What this meant in practice was that any container not started on a bridge network was able to do DNS resolution without problems (maybe with some added latency) when faced with a misconfigured first DNS server, whereas any container using a bridge network would consistently fail to resolve any host names. This was especially confusing as (without direct access to the Docker server) all I could see was different /etc/resolv.conf contents between the 2 containers, with one of them succeeding and the other one failing DNS resolution.

@johnmaguire
Copy link

Just wanted to chime in to say thanks for saving me time tracking down the same issue @alin-amana. Saw that behavior on Docker 18.09.5 on CentOS 7. Container was using bridged networking, and could not resolve hostnames. Checked /etc/resolv.conf on the host, and the first two nameservers were not resolving the hostnames, while the third did. Adding a dns: line to docker-compose.yml with the working nameserver resolved the issue.

@jurajseffer
Copy link

@thaJeztah I'm running the official 19.03.5 version on Ubuntu 19.10 and as described in #179 (comment) this is still broken. First DNS server not being available or returning an error should not break DNS resolution completely.

@thaJeztah
Copy link
Member

What error is returned by the first DNS?

@thaJeztah
Copy link
Member

moby/libnetwork#2171 should've changed the behavior to continue with the next DNS (depending on the error)

@jurajseffer
Copy link

jurajseffer commented Feb 3, 2020

@thaJeztah In my case the first server wasn't available at all (networking outage - no route to host or connection timeout).

@thaJeztah
Copy link
Member

in that case it should continue with the next DNS; https://github.com/docker/libnetwork/blob/a86d2765b829fb122c70eea7a914d59a8fb1df4a/resolver.go#L452 (did you see that message in the daemon logs?)

Could you open a new ticket with details, and if possible with steps to reproduce the situation?

@jurajseffer
Copy link

Unfortunately I didn't have debug mode on for the daemon at the time but I've found these entries in the logs from around the time it was failing. I didn't find the one you mentioned above.

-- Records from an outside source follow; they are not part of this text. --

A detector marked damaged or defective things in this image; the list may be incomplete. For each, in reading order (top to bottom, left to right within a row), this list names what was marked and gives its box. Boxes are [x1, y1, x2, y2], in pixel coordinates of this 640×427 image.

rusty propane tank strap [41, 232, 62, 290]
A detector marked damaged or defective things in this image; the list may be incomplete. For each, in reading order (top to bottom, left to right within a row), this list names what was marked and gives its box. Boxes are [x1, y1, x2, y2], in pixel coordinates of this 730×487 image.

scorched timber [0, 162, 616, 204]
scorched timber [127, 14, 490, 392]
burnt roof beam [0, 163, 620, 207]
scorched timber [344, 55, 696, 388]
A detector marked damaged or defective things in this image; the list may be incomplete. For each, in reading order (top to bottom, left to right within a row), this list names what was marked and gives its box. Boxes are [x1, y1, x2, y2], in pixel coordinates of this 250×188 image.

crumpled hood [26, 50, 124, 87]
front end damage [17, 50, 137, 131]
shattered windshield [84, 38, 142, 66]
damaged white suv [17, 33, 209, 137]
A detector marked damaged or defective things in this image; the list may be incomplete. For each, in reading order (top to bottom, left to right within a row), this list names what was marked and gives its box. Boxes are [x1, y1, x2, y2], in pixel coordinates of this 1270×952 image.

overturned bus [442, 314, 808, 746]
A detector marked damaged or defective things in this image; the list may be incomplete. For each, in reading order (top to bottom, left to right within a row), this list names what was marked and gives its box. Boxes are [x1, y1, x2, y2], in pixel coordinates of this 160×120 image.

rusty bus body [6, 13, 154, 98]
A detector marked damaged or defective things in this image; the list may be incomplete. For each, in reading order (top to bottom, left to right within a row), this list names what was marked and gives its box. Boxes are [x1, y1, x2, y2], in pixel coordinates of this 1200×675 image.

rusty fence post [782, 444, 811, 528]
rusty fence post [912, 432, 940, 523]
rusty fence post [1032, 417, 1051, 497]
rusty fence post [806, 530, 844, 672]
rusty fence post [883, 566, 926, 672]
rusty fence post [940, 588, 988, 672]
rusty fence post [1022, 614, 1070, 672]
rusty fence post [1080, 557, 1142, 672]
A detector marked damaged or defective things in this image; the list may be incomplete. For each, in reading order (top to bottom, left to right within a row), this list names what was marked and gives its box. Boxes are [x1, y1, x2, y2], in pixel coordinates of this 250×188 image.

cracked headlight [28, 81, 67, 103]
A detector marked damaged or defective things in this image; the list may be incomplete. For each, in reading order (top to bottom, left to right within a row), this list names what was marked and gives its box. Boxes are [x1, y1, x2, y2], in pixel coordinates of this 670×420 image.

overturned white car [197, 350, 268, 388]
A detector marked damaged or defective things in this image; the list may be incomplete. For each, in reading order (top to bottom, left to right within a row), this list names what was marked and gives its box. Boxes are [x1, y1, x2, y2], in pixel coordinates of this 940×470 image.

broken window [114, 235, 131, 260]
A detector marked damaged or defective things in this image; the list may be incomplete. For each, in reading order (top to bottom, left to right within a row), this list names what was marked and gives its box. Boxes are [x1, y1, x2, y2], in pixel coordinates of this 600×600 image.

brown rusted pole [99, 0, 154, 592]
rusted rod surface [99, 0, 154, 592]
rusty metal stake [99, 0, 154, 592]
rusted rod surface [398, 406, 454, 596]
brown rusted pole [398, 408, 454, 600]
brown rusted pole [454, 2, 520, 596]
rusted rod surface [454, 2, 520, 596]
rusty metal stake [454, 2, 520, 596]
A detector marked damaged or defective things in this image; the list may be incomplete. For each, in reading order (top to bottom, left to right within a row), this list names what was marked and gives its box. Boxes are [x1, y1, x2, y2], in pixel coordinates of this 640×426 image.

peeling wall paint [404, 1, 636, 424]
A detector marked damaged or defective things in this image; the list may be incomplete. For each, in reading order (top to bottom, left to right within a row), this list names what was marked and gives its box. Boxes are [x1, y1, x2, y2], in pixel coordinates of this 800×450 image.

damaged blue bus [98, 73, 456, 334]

level=info msg="detected 127.0.0.53 nameserver, assuming systemd-resolved, so using resolv.conf: /run/systemd/resolve/resolv.conf"
level=error msg="[resolver] invalid concurrent query count"`

Worth noting that it was only failing when using docker-compose and thus presumably docker DNS resolver, starting containers with docker run -it alpine was able to resolve DNS. The problem went away when I manually configured DNS servers (instead of using DHCP) in Ubuntu's network manager and removed the first entry which was timing out (dig google.com @ took a long time and never finished for that address at the time).

I've tried to reproduce the problem now by setting an unreachable IP as the first DNS server but was unable to reproduce it, docker reported slightly different error to what you expected:

level=debug msg="[resolver] read from DNS server failed, read udp 172.18.0.2:45270->192.68.255.255:53: i/o timeout"

It properly went on to use the second DNS server which resolved the domain.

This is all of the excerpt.